For many people who go through the WTA program, starting a band isn’t exactly on their radar. Many are hoping for an opportunity to lead worship on a Gateway platform. And while the program is helping to develop future Gateway worship leaders, it’s greater purpose is to impact the kingdom of God. “The program is really teaching you how to live a lifestyle of worship and take it outside of Gateway,” says Kyle.

So, armed with the knowledge they’d learned in their semesters at WTA, the group of guys began to ask the question, What now? That’s when opportunity opened a heavy steel door. “I asked the guys, ‘What do you think about playing in a prison with me?’” says Kyle. After some initial apprehension, the group agreed and started the process of preparing for the gig, rehearsing at David’s house, and playing many of the songs they learned at WTA.

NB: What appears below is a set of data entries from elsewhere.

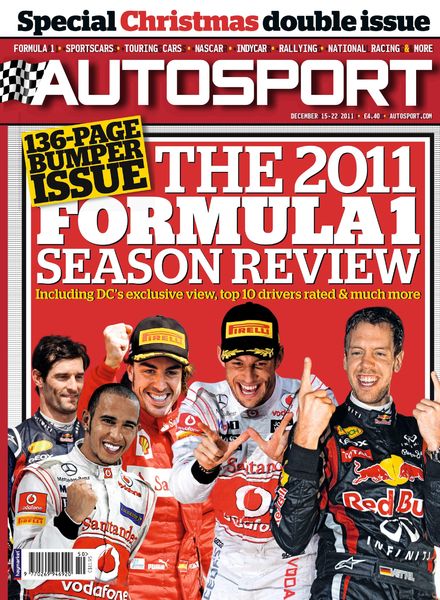Autosport – 15 December 2011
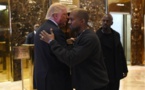 A peine sorti de l'hôpital, Kanye West reçu par Donald Trump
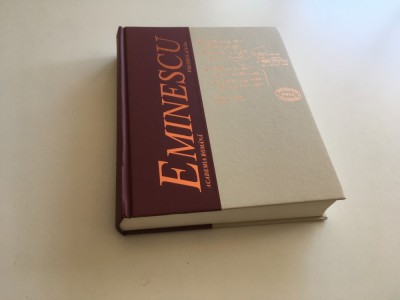 MIHAI EMINESCU, MANUSCRISELE VOL.VIII- ACADEMIA ROMANA 2007 FORMAT MAI MARE 25,5 X 21 CM foto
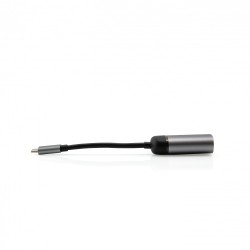 Verbatim 49146 USB-C to Gigabit Ethernet Adapteris, USB 3.1 GEN 1, Gigabit Ethernet, Pilka/Juoda
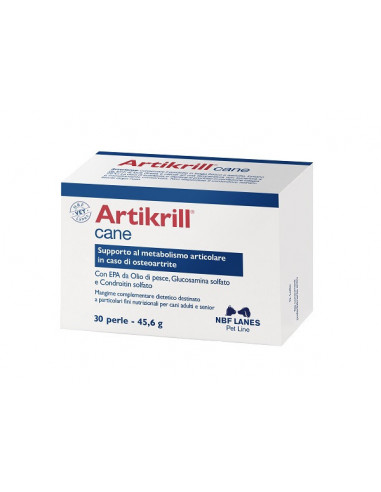 Artikrill Cane Blister 30 Perle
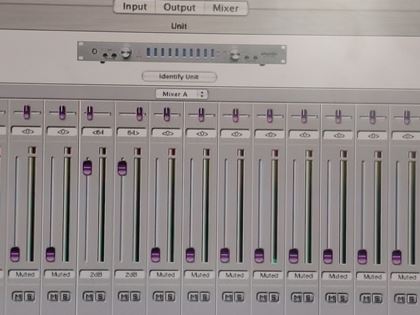 Apogee-Ensemble + Macbook + Control App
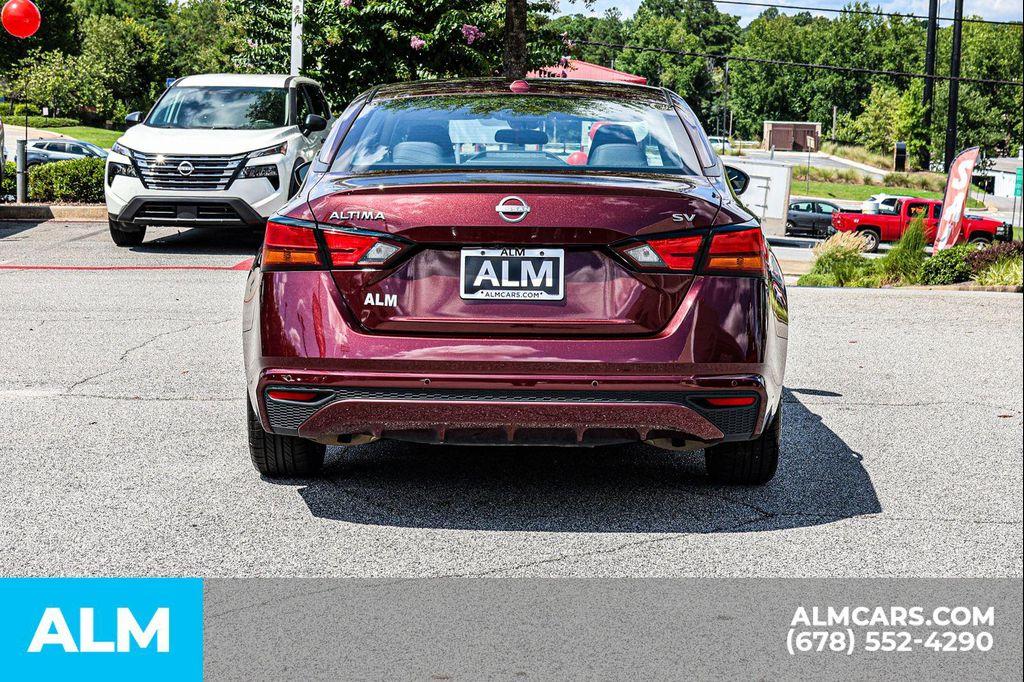 used 2024 Nissan Altima car, priced at $18,220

The worship service at the prison went better than Kyle and the band expected. “Twenty of the 80 women who attended got saved,” he says. “I didn’t really tell anybody about this project. It wasn’t until later that I realized what we did was kind of a big deal.”

This is what the program is all about—equipping people to lead worship in a number of venues, from their homes to the mission field, local churches, prisons, and beyond. And for Kyle and the band (called Bridgeport Worship), this is only the beginning of a new ministry opportunity. The band is in talks to lead worship at some Teen Challenge events and even plan to lead worship in churches who aren’t able to put together a full worship team of their own.

“It’s turned into something I didn’t expect,” says Kyle. “I wouldn’t be doing what I’m doing now if it wasn’t for WTA. My life has changed paths from what I thought worship was, and for that I’m grateful.”